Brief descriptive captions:
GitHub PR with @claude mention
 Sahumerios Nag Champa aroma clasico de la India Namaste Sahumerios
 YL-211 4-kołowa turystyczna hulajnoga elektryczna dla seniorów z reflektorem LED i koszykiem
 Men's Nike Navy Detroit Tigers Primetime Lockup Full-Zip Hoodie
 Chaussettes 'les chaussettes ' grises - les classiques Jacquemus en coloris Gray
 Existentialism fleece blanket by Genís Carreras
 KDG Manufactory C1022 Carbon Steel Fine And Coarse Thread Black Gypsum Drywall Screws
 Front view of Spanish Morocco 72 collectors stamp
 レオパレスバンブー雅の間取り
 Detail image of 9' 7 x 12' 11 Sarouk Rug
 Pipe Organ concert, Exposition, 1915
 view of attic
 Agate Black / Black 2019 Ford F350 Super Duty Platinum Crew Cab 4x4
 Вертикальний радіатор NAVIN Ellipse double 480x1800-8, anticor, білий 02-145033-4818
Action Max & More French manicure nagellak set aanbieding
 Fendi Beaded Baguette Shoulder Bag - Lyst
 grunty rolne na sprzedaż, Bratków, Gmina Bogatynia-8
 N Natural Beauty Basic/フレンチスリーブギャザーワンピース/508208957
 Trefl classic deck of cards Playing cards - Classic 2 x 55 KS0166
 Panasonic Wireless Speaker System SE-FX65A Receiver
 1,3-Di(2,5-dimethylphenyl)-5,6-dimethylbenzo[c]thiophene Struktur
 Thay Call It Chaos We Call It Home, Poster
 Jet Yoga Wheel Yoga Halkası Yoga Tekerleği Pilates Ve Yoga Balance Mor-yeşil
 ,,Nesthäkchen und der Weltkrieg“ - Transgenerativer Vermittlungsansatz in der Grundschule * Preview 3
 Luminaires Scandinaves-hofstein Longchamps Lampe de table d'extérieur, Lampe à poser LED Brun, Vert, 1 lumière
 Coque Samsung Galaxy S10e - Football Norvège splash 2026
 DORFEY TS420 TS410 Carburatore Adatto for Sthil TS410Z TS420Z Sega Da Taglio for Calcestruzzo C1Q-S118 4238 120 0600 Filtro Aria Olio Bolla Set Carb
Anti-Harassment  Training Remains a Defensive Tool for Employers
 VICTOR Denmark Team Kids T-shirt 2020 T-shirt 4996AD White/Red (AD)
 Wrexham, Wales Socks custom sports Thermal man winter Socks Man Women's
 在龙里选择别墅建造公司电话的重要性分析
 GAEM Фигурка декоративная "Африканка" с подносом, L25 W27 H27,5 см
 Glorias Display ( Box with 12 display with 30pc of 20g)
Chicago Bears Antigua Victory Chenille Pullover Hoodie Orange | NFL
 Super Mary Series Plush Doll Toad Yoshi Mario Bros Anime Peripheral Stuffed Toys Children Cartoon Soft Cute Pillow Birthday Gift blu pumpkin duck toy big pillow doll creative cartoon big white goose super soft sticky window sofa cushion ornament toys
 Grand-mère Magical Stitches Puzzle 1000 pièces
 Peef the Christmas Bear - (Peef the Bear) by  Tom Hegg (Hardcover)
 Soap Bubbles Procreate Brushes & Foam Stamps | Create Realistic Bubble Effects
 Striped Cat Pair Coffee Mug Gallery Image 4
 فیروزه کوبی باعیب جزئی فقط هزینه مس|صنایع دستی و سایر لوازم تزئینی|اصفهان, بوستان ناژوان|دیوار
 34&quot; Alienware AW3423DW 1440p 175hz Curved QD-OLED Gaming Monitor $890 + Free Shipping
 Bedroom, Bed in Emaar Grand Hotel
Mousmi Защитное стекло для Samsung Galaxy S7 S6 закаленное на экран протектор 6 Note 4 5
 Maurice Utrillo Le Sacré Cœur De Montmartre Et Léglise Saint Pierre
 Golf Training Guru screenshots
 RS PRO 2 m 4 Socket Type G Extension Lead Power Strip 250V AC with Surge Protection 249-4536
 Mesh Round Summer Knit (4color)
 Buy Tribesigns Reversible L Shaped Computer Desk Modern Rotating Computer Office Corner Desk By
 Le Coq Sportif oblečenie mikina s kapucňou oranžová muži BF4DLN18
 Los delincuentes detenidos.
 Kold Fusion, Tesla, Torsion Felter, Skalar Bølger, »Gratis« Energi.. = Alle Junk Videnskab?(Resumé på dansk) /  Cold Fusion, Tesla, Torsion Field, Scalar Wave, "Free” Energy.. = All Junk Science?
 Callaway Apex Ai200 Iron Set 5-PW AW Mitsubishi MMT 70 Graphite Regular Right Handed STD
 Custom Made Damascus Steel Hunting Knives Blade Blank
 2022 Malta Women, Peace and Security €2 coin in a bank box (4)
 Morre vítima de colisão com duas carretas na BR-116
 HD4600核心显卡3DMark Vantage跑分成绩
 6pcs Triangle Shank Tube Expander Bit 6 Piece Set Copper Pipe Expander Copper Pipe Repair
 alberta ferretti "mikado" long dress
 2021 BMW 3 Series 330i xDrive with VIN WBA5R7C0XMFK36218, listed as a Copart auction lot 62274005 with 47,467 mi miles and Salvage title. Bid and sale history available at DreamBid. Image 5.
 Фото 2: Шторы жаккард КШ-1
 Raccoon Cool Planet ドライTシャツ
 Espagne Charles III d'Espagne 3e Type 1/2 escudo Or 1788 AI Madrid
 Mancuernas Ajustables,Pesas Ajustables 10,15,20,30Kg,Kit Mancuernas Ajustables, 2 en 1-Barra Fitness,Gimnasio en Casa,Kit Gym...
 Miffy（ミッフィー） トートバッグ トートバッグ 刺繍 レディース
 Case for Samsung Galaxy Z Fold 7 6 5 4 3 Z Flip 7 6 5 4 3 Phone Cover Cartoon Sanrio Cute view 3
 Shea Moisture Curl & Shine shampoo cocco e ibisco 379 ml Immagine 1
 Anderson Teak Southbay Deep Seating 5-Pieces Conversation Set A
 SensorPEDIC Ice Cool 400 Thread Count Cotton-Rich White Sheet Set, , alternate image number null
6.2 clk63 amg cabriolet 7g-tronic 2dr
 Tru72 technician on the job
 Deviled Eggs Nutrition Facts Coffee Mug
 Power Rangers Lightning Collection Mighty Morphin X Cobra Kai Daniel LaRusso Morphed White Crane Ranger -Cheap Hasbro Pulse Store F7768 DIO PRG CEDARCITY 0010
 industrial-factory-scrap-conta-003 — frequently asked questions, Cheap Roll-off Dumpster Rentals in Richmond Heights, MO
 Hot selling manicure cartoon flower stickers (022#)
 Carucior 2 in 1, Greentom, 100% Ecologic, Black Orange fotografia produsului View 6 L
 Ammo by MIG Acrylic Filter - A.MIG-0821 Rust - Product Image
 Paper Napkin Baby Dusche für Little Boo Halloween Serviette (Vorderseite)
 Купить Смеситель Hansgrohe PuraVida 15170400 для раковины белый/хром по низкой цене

● Task instructions: Look above for the line with "Luminaires Scandinaves-hofstein Longchamps" and the line with "在龙里选择别墅建造公司电话的重要性分析". Retype those two lines and every line between them exactly, adding nothing.

● Exercise response:
 Luminaires Scandinaves-hofstein Longchamps Lampe de table d'extérieur, Lampe à poser LED Brun, Vert, 1 lumière
 Coque Samsung Galaxy S10e - Football Norvège splash 2026
 DORFEY TS420 TS410 Carburatore Adatto for Sthil TS410Z TS420Z Sega Da Taglio for Calcestruzzo C1Q-S118 4238 120 0600 Filtro Aria Olio Bolla Set Carb
Anti-Harassment  Training Remains a Defensive Tool for Employers
 VICTOR Denmark Team Kids T-shirt 2020 T-shirt 4996AD White/Red (AD)
 Wrexham, Wales Socks custom sports Thermal man winter Socks Man Women's
 在龙里选择别墅建造公司电话的重要性分析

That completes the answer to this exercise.